§ What this task involves:
Your task is to copy each line in the listing that includes the word "Ингушетии".

§ Input material:
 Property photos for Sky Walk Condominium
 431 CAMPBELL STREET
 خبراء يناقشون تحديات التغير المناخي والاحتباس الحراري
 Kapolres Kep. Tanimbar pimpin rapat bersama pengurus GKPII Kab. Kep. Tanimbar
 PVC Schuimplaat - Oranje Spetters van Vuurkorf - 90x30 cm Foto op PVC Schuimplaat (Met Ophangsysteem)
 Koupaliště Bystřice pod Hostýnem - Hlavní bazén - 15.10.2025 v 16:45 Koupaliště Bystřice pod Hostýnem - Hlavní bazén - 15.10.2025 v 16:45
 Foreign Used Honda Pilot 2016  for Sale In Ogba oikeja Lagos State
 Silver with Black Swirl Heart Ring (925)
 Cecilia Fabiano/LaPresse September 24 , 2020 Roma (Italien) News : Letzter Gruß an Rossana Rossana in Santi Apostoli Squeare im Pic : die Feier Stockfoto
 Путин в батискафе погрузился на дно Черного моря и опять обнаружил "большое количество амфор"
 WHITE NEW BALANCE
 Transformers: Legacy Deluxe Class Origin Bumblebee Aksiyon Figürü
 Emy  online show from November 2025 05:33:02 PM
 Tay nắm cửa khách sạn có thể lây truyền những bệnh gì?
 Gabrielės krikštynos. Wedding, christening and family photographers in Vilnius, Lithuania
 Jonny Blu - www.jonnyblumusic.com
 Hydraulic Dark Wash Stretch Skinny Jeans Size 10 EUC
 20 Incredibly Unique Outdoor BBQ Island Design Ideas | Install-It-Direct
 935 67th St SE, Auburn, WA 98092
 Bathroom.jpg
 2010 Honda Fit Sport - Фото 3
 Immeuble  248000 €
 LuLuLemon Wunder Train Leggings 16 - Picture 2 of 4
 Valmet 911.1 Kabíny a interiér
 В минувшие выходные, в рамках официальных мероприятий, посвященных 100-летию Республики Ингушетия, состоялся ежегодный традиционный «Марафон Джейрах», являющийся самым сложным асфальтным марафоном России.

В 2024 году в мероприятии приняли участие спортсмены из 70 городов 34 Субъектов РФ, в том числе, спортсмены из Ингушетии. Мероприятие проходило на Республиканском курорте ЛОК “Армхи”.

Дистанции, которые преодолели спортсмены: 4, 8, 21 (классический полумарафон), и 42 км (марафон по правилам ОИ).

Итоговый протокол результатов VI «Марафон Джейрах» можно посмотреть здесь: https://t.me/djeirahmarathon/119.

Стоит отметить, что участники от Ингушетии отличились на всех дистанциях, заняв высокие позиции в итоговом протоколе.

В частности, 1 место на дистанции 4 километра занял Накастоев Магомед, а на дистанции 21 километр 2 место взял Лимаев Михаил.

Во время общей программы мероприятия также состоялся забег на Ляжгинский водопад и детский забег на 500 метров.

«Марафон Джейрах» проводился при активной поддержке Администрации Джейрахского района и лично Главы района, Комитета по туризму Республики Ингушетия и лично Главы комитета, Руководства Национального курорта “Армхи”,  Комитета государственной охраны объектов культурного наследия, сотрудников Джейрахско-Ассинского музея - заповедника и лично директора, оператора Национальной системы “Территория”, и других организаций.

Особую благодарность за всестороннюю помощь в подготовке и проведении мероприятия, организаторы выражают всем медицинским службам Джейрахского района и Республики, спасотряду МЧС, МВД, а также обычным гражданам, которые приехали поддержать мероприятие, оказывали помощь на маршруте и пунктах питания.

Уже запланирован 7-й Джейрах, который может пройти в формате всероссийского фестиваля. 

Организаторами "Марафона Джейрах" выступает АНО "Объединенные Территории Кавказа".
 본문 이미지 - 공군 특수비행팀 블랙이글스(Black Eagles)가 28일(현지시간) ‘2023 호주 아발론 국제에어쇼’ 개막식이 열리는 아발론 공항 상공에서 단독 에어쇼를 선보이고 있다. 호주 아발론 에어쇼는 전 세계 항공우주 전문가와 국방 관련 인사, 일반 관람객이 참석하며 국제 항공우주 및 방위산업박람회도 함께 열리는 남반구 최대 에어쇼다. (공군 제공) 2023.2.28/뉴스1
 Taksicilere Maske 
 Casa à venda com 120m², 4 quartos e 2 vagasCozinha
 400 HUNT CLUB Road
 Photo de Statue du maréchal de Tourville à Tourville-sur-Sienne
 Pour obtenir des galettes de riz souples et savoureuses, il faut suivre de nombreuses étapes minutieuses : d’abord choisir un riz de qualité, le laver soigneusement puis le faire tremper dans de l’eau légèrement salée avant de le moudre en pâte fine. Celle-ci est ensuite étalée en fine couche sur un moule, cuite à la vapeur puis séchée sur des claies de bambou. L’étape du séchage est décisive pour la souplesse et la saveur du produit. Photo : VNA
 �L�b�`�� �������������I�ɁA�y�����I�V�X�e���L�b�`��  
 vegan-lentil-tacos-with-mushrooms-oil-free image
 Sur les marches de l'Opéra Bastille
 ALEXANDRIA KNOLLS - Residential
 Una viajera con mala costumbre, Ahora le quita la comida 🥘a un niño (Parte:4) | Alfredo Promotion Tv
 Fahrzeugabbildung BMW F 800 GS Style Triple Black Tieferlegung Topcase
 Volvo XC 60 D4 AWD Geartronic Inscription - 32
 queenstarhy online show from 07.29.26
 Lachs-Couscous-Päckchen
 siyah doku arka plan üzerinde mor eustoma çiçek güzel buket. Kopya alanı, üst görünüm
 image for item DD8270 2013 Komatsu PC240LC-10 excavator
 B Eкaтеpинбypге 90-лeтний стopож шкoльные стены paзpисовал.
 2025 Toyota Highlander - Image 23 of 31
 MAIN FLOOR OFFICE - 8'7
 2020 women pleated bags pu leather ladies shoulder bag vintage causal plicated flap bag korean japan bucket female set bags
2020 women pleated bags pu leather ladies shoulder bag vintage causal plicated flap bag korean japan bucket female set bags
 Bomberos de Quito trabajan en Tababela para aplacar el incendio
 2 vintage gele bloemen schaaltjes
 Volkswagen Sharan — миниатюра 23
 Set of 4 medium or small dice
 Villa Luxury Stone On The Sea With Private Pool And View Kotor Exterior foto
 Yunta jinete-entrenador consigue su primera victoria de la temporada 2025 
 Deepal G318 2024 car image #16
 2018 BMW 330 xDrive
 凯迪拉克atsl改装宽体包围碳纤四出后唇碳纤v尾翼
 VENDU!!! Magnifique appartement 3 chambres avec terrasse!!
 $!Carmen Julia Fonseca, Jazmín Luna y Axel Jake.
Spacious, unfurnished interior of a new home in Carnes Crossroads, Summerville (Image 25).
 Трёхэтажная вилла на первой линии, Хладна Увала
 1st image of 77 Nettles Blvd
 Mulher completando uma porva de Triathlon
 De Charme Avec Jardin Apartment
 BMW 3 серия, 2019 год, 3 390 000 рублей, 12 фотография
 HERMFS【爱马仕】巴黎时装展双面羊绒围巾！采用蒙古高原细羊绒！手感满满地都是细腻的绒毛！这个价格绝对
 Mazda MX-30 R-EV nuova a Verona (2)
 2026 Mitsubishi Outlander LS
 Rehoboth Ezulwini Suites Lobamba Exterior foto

§ Solution to this task:
В 2024 году в мероприятии приняли участие спортсмены из 70 городов 34 Субъектов РФ, в том числе, спортсмены из Ингушетии. Мероприятие проходило на Республиканском курорте ЛОК “Армхи”.
Стоит отметить, что участники от Ингушетии отличились на всех дистанциях, заняв высокие позиции в итоговом протоколе.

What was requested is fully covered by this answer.